Captioned web images:
★ ★ ★ ★ ★

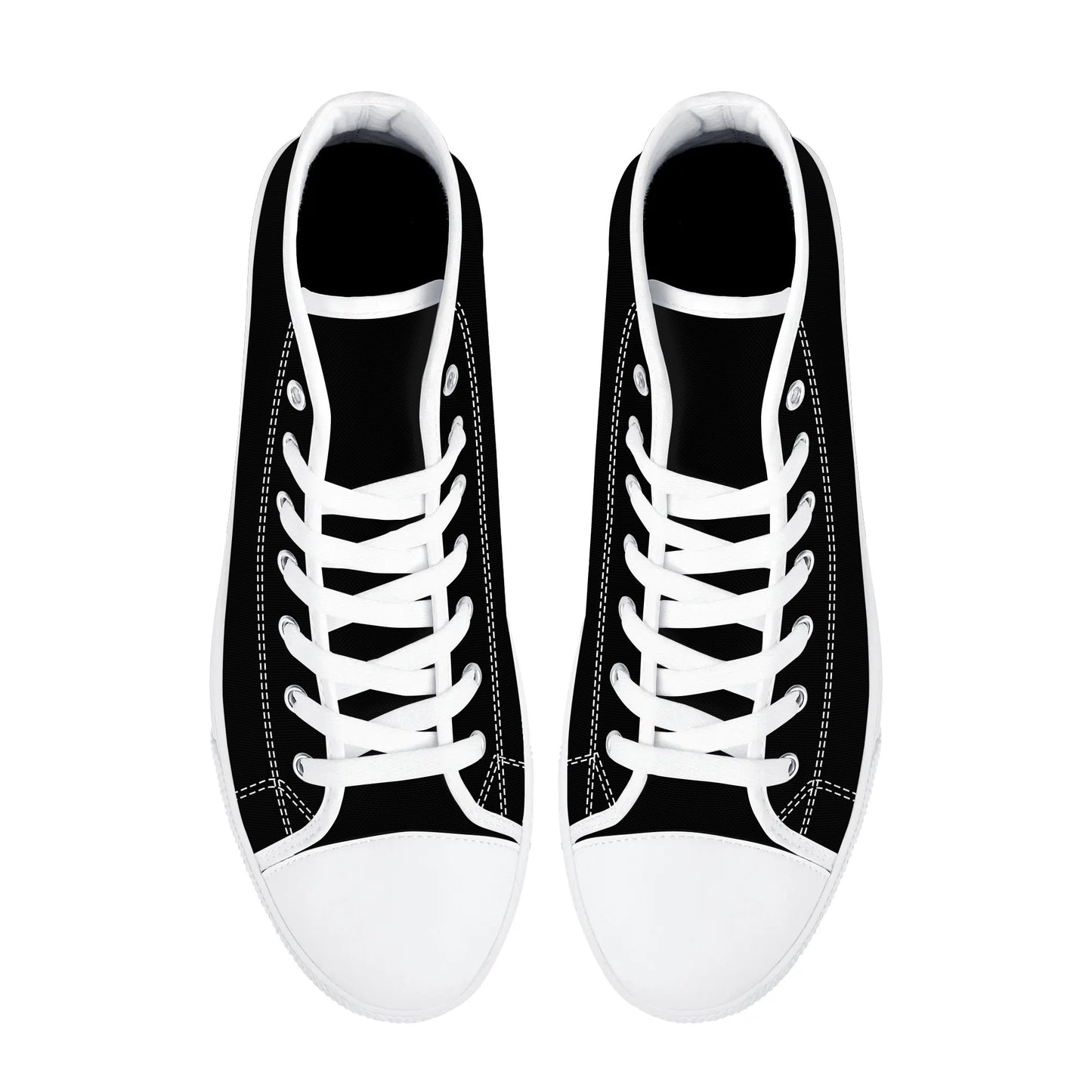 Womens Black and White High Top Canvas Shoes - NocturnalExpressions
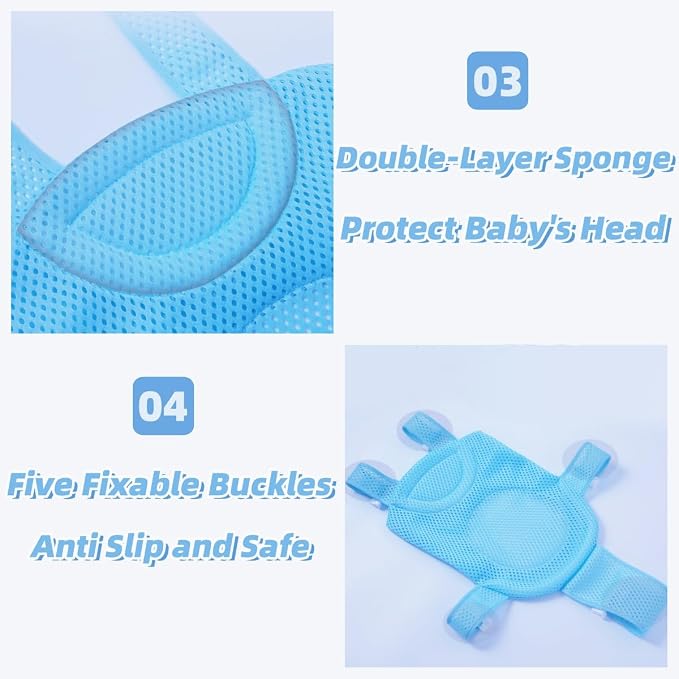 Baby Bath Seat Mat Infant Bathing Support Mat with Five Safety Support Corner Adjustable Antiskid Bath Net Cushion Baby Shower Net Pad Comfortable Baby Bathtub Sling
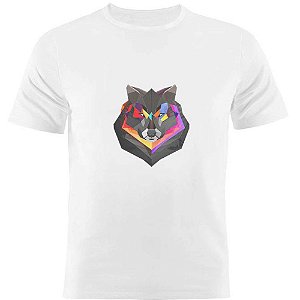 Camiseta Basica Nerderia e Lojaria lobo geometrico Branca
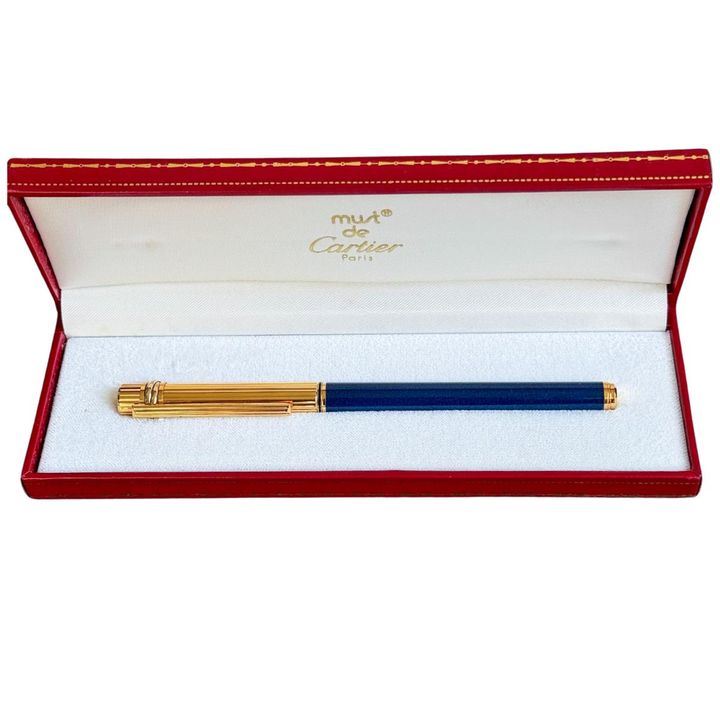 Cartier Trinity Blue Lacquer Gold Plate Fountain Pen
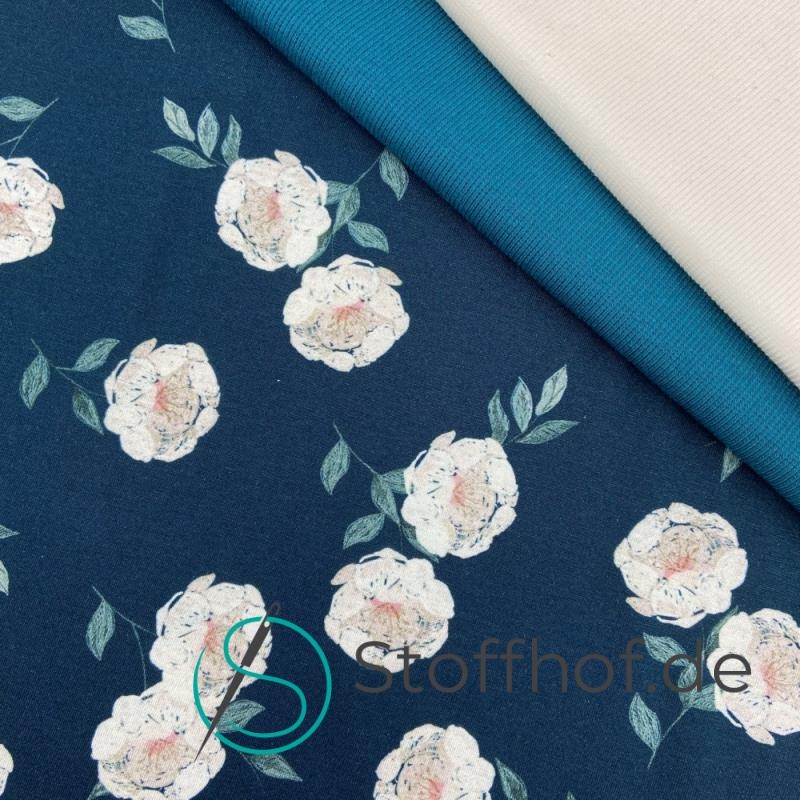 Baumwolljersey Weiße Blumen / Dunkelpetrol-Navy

★ ★ ★ ★ ★

Without including any pictures, print each record exactly.

### Response to this task
 Womens Black and White High Top Canvas Shoes - NocturnalExpressions
 Baby Bath Seat Mat Infant Bathing Support Mat with Five Safety Support Corner Adjustable Antiskid Bath Net Cushion Baby Shower Net Pad Comfortable Baby Bathtub Sling
 Camiseta Basica Nerderia e Lojaria lobo geometrico Branca
 Cartier Trinity Blue Lacquer Gold Plate Fountain Pen
 Baumwolljersey Weiße Blumen / Dunkelpetrol-Navy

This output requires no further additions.